Millions Face Starvation in Afghanistan - UN
Reuters, June 8, 2001
By Stephanie Nebehay
GENEVA (Reuters) - Millions of people are facing starvation in Afghanistan in the worst drought in 30 years, United Nations aid agencies said on Friday.
A very poor 2001 harvest, combined with the decimation of livestock and soaring grain prices, have reduced many people to eating grasshoppers and animal feed, according to the World Food Program (WFP) and the Food and Agriculture Organization (FAO).

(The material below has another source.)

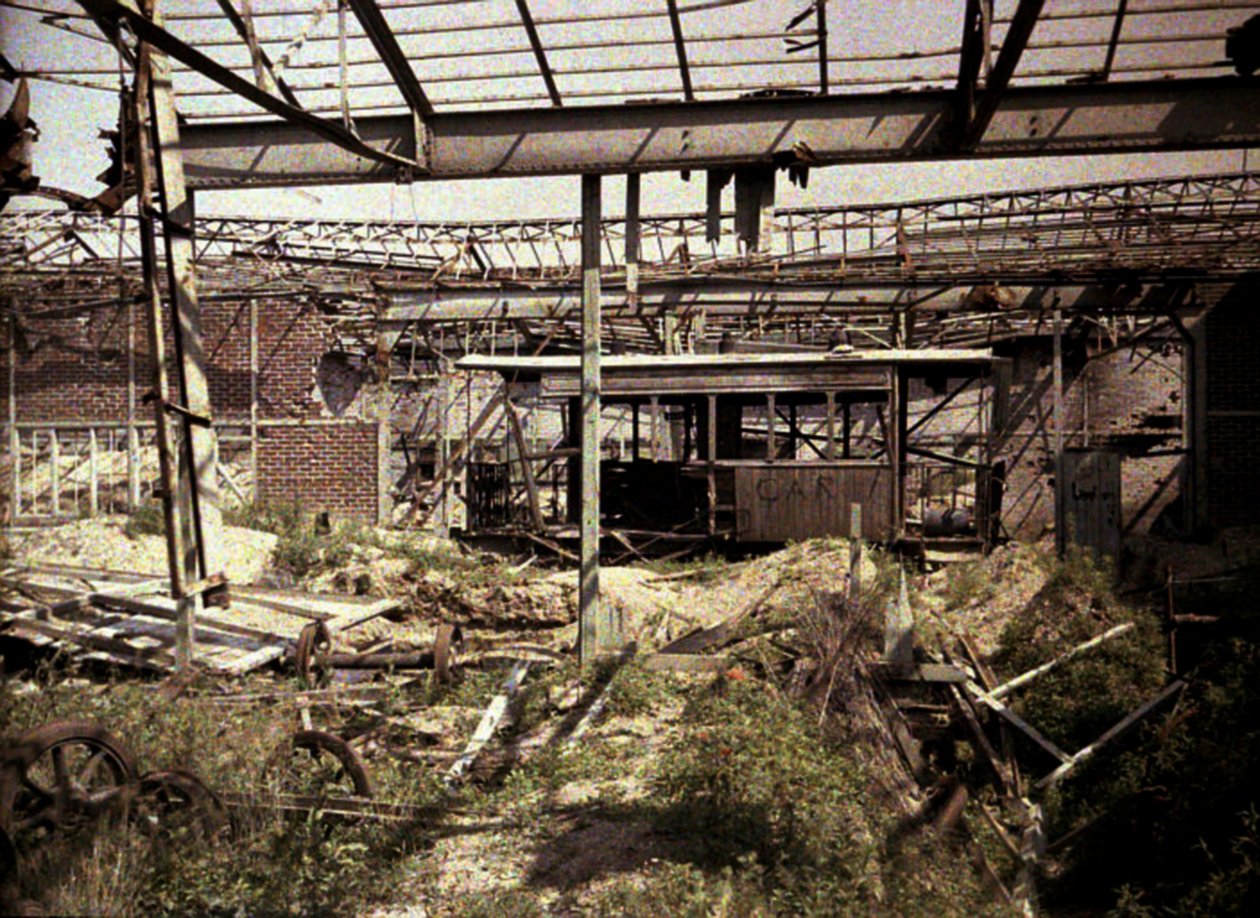 Der ausgebrannte Eisenbahn- und Straßenbahnhof mit einigen beschädigten Fahrzeugen und einer Lokomotive, Soissons, Aisne, Frankreich, 1917 von Fernand Cuville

The two agencies issued a "special alert'' after their recent month-long mission to assess deteriorating crop and food supplies in the war-torn country. Agriculture experts from the two U.N. agencies visited 18 of the 31 provinces.
"Given the scale and magnitude of the food crisis facing Afghanistan, the (U.N.) mission urges the most urgent international response to cover this large gap to avert an imminent catastrophe,'' their jointly issued report said.
They warned that unless international aid was forthcoming, poor Afghan farmers might be forced back into cultivating opium poppies to make heroin, which is banned by the ruling Taliban.
"Afghanistan faces a much more serious food crisis this year than last year as a consequence of severe drought for the third year running and intensifying economic problems,'' it said.
The problems are aggravated by the rapidly increasing number of destitute people and the swelling ranks of refugees and internally displaced persons, it added.
The U.N. report said cereal output was forecast at about two million tons, leaving Afghanistan with a shortfall of 2.2 million tons, more than last year's ``unprecedented'' deficit.
"Even if the planned volume of food aid (360,000 tons) and projected commercial imports (760,000 tons) materialize, there would remain a large uncovered cereal deficit of over one million tons,'' it said.
U.N. experts who traveled throughout the country observed crops such as wheat and barley had almost totally failed, except in a few pockets.
Afghanistan's rain-fed wheat production in 2001 is estimated at about 40 percent less than last year's output of 140,000 tons, itself considered ``extremely low,'' the report said. But irrigated wheat production is estimated at 1.5 million tons against 1.3 million tons last year.
"It is estimated that five million people have no access or very little access to food and will need food aid until at least the next harvest,'' WFP spokeswoman Christiane Berthiaume told a news briefing in Geneva.